_Task item_. Set the pictures aside and set down only the lines from the line holding "2pcsRainbow Squeeze Art" through the end of the entries below, ends included.

Records for processing below:

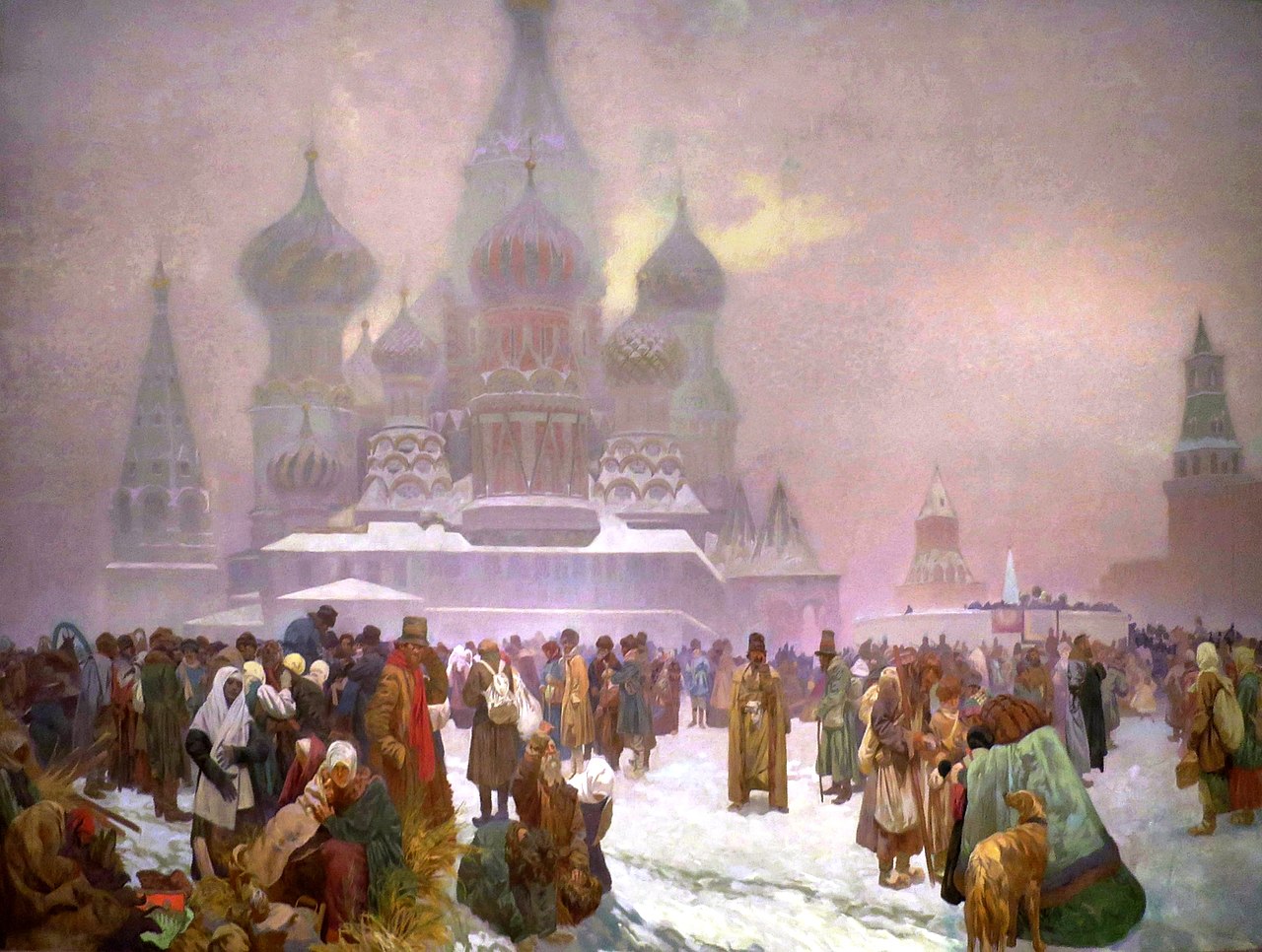 『ロシアの農奴解放の日 — 自由な労働は国家の基盤である』 アルフォンス・ミュシャ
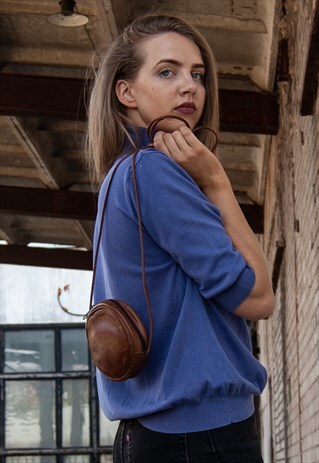 VINTAGE RETRO LITTLE BROWN LEATHER SHOULDER BAG WALLET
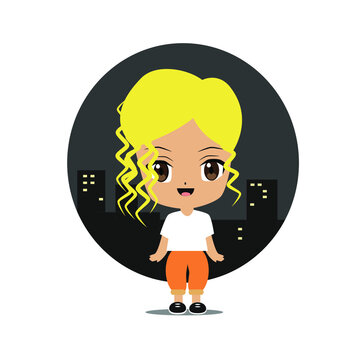 vector illustration of a cute chibi anime manga blondy girl orange jeansagainst the background of the night city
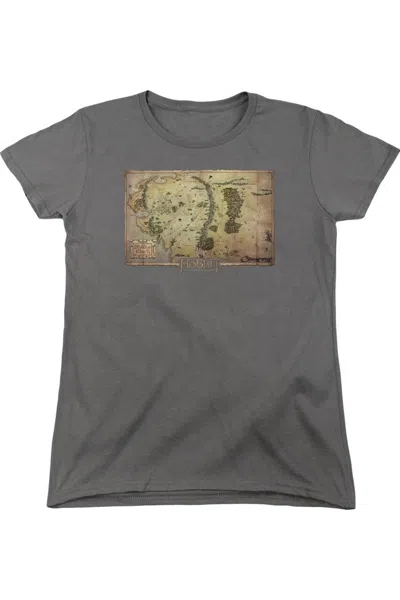 Gildan The Hobbit Middle Earth Map Short Sleeve Womens Tee / T-shirt In Pink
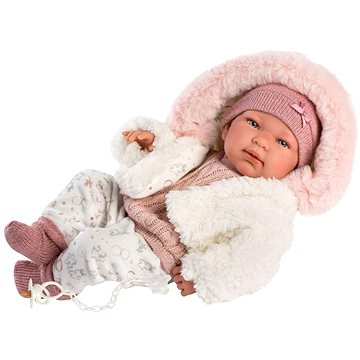 84334 New Born holčička realistická panenka miminko s celovinylovým tělem, 43 cm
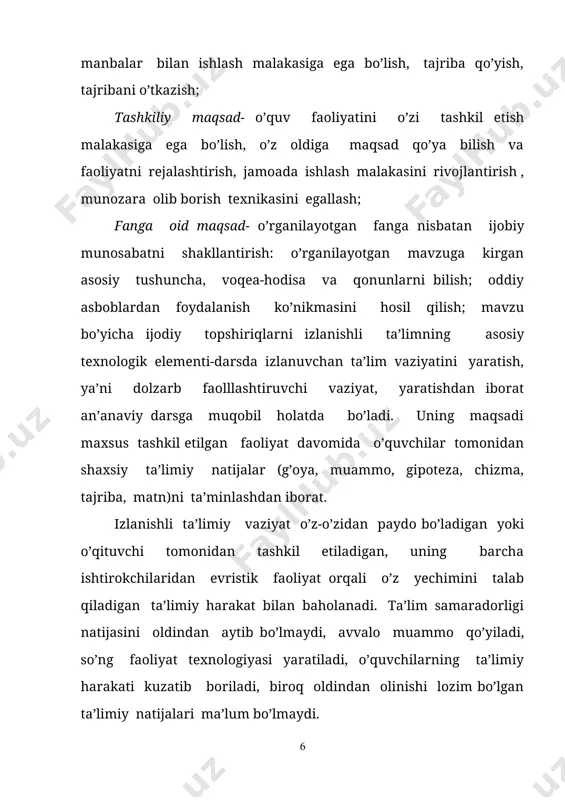 a imkoniyat yaratish. evristik vaziyatning asosiy bosqichi sanaladi. bunda har qanday ta’lim natijasidan ijod belgisini aniqlash lozim. 4. o’quvchilarning ta’limiy ijod namunalarining namoyish etish: she’rlar, rivoyatlar, topshiriqlar, ta’riflar, ramzlar, rasmlar, loyihalar va shu kabilarni jamoaga muhokama etib, ko’rgazmalar tashkil etish, o’zaro yozma taqrizlar yozdirish, ma’ruzalar bilan chiqishlar qilish. 5. ta’limiy ijod namunalari namoyish etilgandan keyin rasmlar, rivoyatlar, ta’riflar, olimlarning fikrlari, darsliklaridagi ma’lumotlar, shaxsiy bilim va tasavvurlari bilan asoslay olish. 6. bolalarning ijod namunalarini qiyoslash, solishtirish, tasniflash bo’yicha faoliyatini tashkil etish. o’quvchilar tomonidan o’z qarashlari yoki ijod namunalarini aniqlash hollari yuz bersa, ularga o’z nuqtai nazarlarining o’zgarish sababalrini tushunishlarida ko’maklashiladi. ta’limiy vaziyatlarning rivojlanishi ta’minlanadi. 7. o’quvchilarning bilishga oid qo’llanilgan usullarni, paydo bo’lgan muammo va uni yechish yo’llarini tushunishi bo’yicha fikr yuritish, tahlil etish. o’quvchilarga individual tarzda erishgan natijalarini aniqlashda ko’maklashishi. jamoa bo’lib yaratilgan ta’limiy natijalarini aniqlash. izlanuvchi ta’limiy vaziyatlarning davomiyligi o’zgarib turadi, ular o’zaro aloqadagi vaziyatlar zanjiri ham bo’lishi mumkin. izlanuvchi …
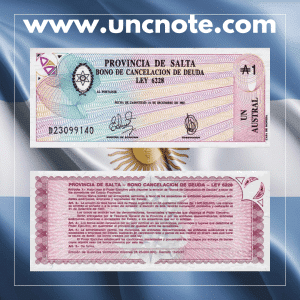 Argentina 1 Austral banknote issued in 1987, uncirculated, front side with national symbols and inflation-era design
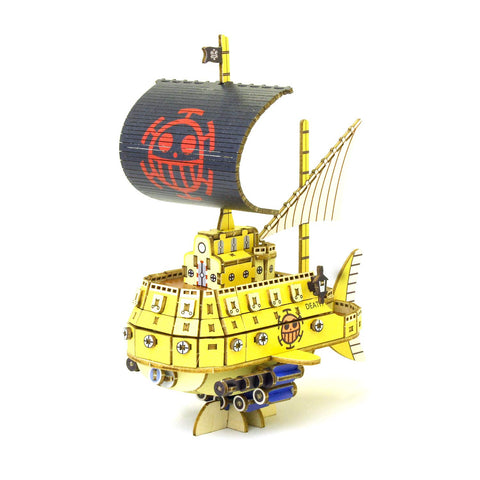 ki-gu-mi ワンピース トラファルガー ロー 潜水艦 - 小学生 から 大人 まで 楽しめる 木製 3D 立体パズル DIY 工作キット - 男の子 女の子 の 知育玩具 - 立体アート として 大人の プレゼント にも最適な ウッドパズル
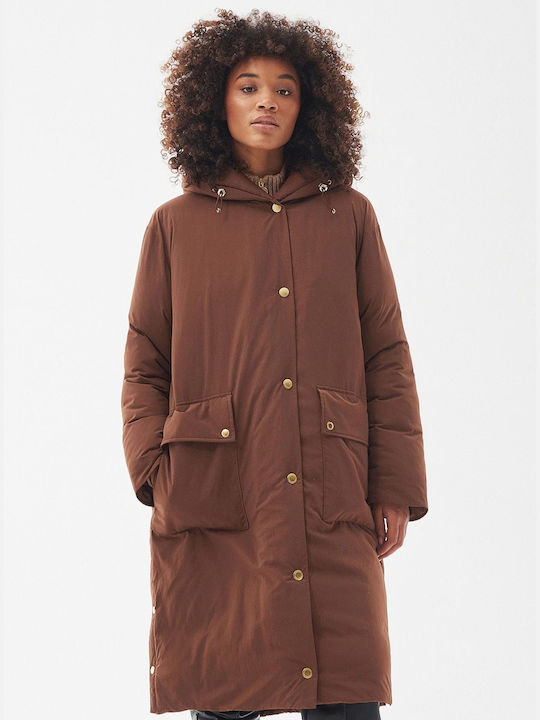 Barbour Kurz Damen Puffer Jacke für Winter Orange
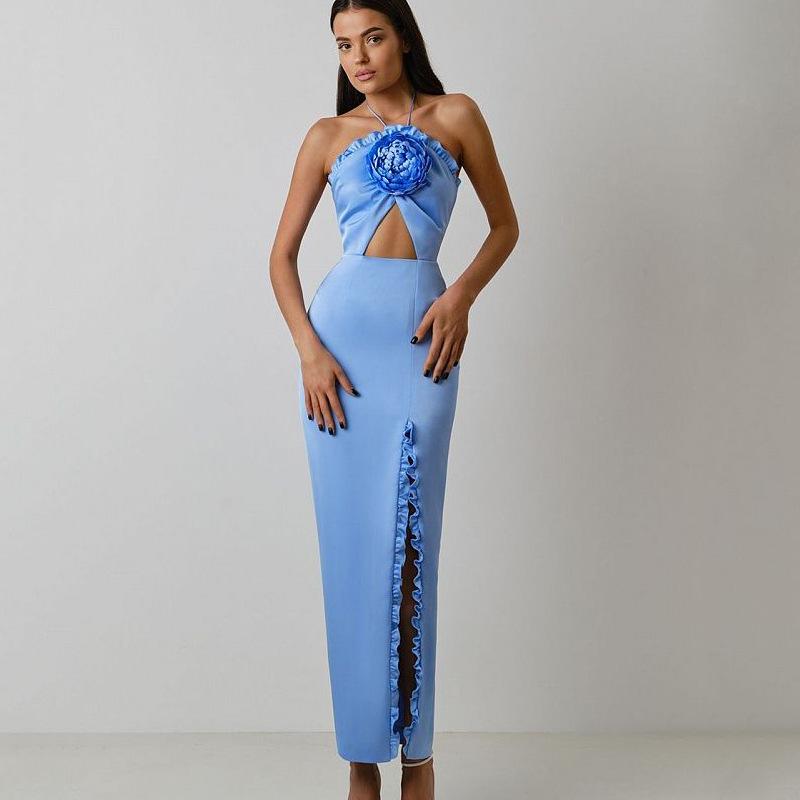 ワンピース レディース ハルタネック ロングドレス スリット 切り替え 無袖 ステッチ 立体花 さつ面 ストレッチ ライトブルー ピンク 中腰 セクシー 私服 秋｜オレンジアイランド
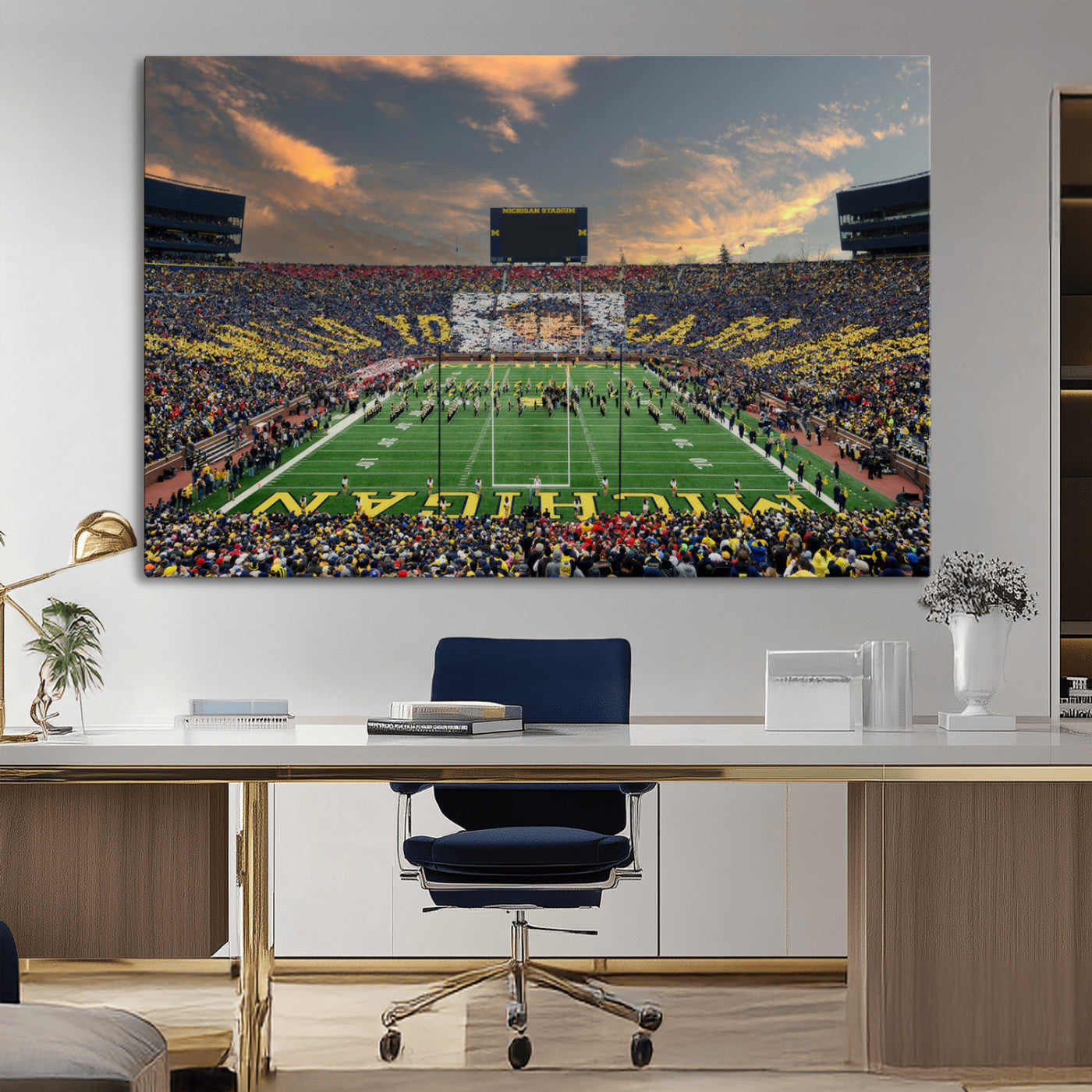 MGV-CV-36X24 - University of Michigan Wolverines Print Canvas, Football Team Print - Ann Arbor Michigan Stadium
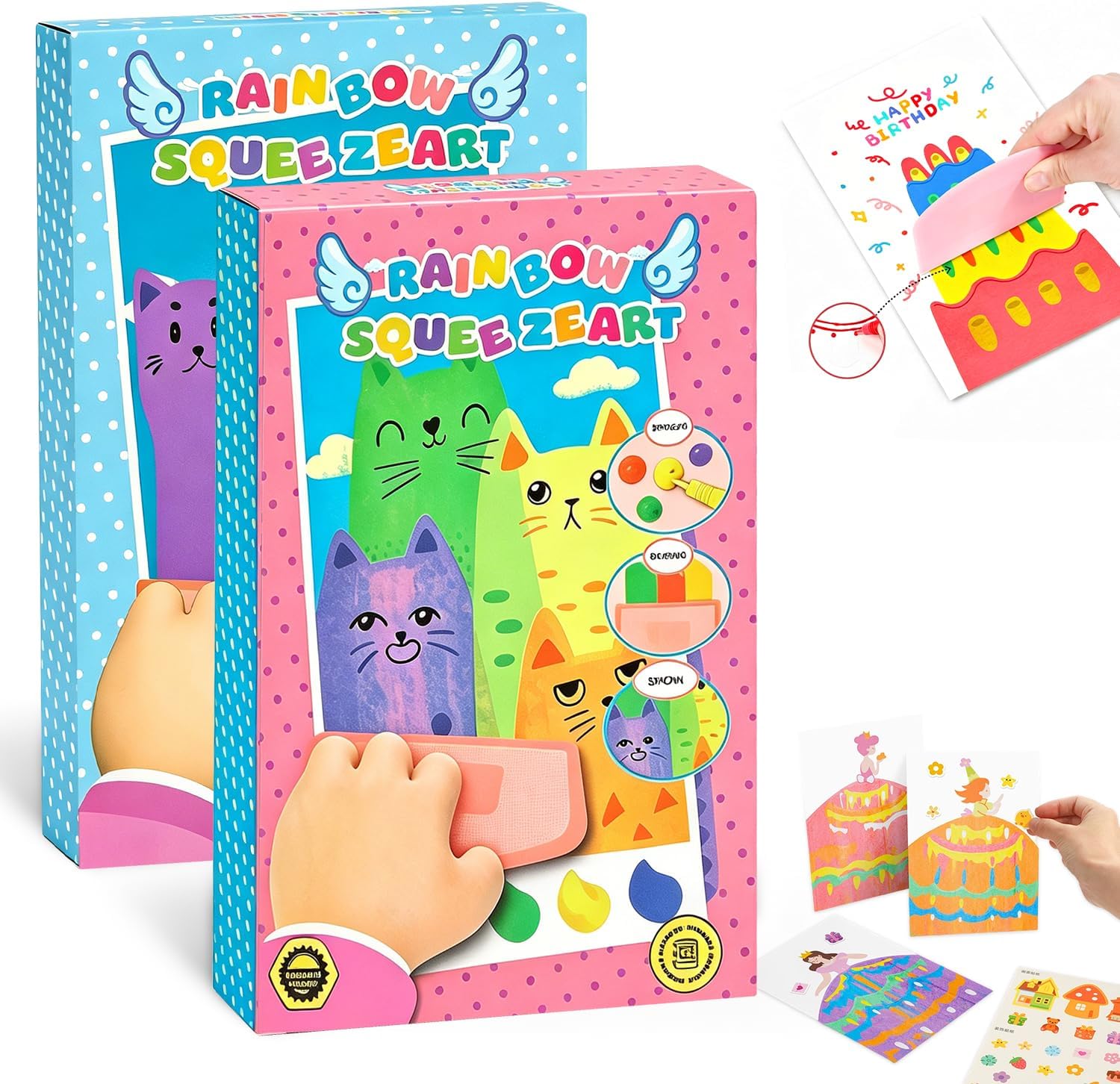 2pcsRainbow Squeeze Art Kit, Creative Squeegee Painting Kit DIY Postcards Scratch Art Party Favors Novelty Birthday Gifts,2026 Upgrade Magic Rainbow Scratch Paper Art Set (A+B)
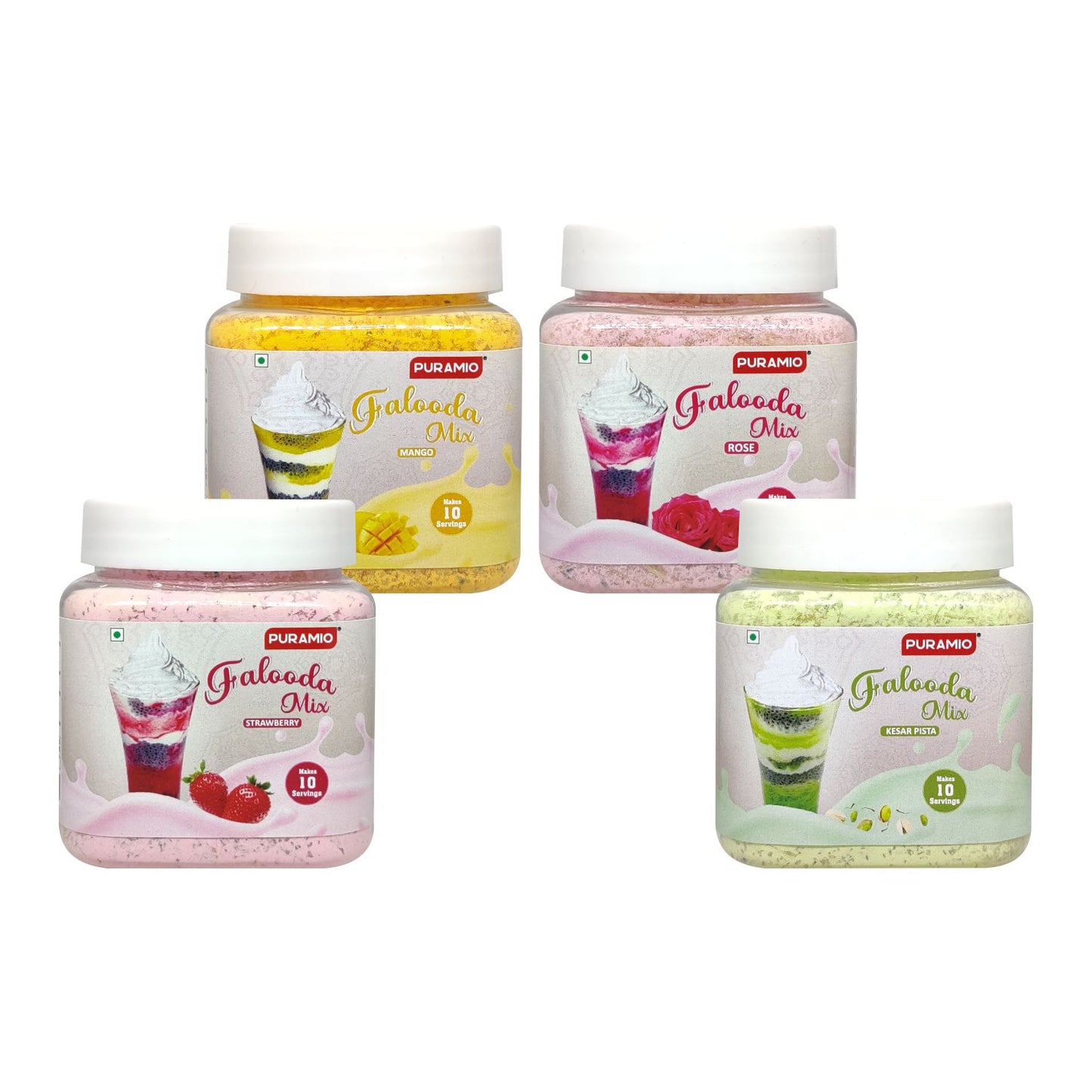 Puramio Falooda Mix Combo (Pack of 4)- Strawberry, Rose, Mango & Kesar Pista,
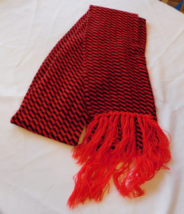 Unbranded scarf neck wrap fringe womens Red Black 96&quot; (Not including Fri... - $29.69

End of Records for processing.

_Solution to this problem_.
 2pcsRainbow Squeeze Art Kit, Creative Squeegee Painting Kit DIY Postcards Scratch Art Party Favors Novelty Birthday Gifts,2026 Upgrade Magic Rainbow Scratch Paper Art Set (A+B)
 Puramio Falooda Mix Combo (Pack of 4)- Strawberry, Rose, Mango & Kesar Pista,
 Unbranded scarf neck wrap fringe womens Red Black 96&quot; (Not including Fri... - $29.69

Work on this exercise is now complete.